After finishing year 12, more than 50,000 young Australians attend schoolies celebrations, with most ending up on the Gold Coast. Other schoolies (or “leavers”, as they’re known in Western Australia) head to the Sunshine Coast, Byron Bay, Victor Harbor (South Australia), Dunsborough and Rottnest Island (WA), and Lorne and Torquay (Victoria).
Schoolies marks the end of secondary school and new beginnings. For many young people it’s their first opportunity for a holiday with friends without supervision, and takes place as they are approaching legal drinking and driving age.
It also comes at a time when teens are experimenting with booze and other substances; harmful alcohol consumption and involvement in risky behaviour tends to peak around the age of 18.
Drug of choice
Alcohol is the most commonly used substance at schoolies – and past research shows young people are loading up.
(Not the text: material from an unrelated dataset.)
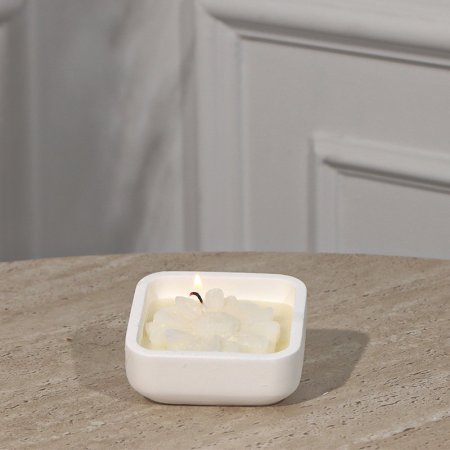 شمعة توزيعات جبص ابيض 8سم مربع شكل وردة شمع ابيض EL161/6 =ت.ش1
A 2009 Victorian study involving interviews with 1,116 schoolies found that just under half reported typically consuming five or more drinks in a schoolies session. Participants reported consuming more alcohol at schoolies than they typically drink.
Interviews with 405 schoolies at Rottnest Island found that males consumed an average of 18 drinks and females consumed 13 drinks per day during schoolies.
Similarly, studies from the Gold Coast have found that more than half of 658 schoolies reported getting drunk in the previous 24 hours. Of 1,796 schoolies, more than half of males and nearly 40% of females reported getting drunk every night at schoolies.
There is also evidence of illicit drug use at schoolies. One Gold Coast study found that one-third (32%) of males and 17% of females interviewed at schoolies had used cannabis in the previous 24 hours, and 6% of males and 3% of females had used ecstasy.
A study of Rottenest Island Schoolies found that 20% of school leavers used illicit drugs at schoolies, with 15% using cannabis, 12% using ecstasy and 11% using amphetamine.
But Victorian research has found lower amounts, with just 11% of young people reporting cannabis use and 3% reporting use of cocaine, amphetamine and ecstasy during schoolies.
Of particular concern is the range of harmful behaviours that teens engage in at schoolies:
58% of young people reported blacking out
41% reported being injured
16% reported passing out drunk
10% reported being involved in a fight.
In addition, casual and unprotected sex among schoolies is common. Up to 60% of young men and 40% of young women report engage in casual sex at schoolies, with 20% of males and 30% of females reporting not using condoms on their last occasion.
Other studies have shown variation: 11% of young people in Victoria reported engaging in unprotected sex at schoolies and up to 45% of young women on the Gold Coast reported not using protection during sex at schoolies.
Perhaps surprisingly, young people attending schoolies on the Gold Coast and Rottnest Island appear to engage in more risk-taking behaviours than young people attending schoolies celebrations in Victoria.
Getting the complete picture
There are also some gaps in the research. Past studies haven’t included objective measures of alcohol consumption or intoxication (such as breath alcohol readings).
Nor have they gathered detailed information about specific consumption practices such as combining alcohol with energy drinks, combining alcohol with illicit drugs, playing drinking games and other risky drinking practices.
We still don’t know whether particular substances influence the likelihood of teens engaging in risky or harmful behaviour at schoolies. But to address these gaps, last year we surveyed 500 schoolies in Lorne and Torquay in Victoria. These findings will be published in early 2014.
We do know that young people are likely to drink risky levels of alcohol and engage in a range of risk-taking behaviours. And those who travel to other states for schoolies, particularly to the Gold Coast, are likely to get more drunk and take more risks.
We also know that risk-taking behaviours have not reduced over time, despite local and state governments initiating a range of non-alcohol-related activities and support services for young people during schoolies, such as Red Frogs.
So it’s important that parents, teachers and friends have honest conversations with young people about schoolies prior to the event. These tips for minimising harm might help kick start the discussion:
Make sure you have food when you consume alcohol
Drink water when you consume alcohol and try to alternate each alcoholic drink with a non-alcoholic drink
Avoid combining alcohol with other substances, including energy drinks, licit and illicit drugs
Always look out for friends
Practice safe sex: be prepared by buying condoms prior to schoolies
Access local services such as Red Frogs for harm-reduction information and support services.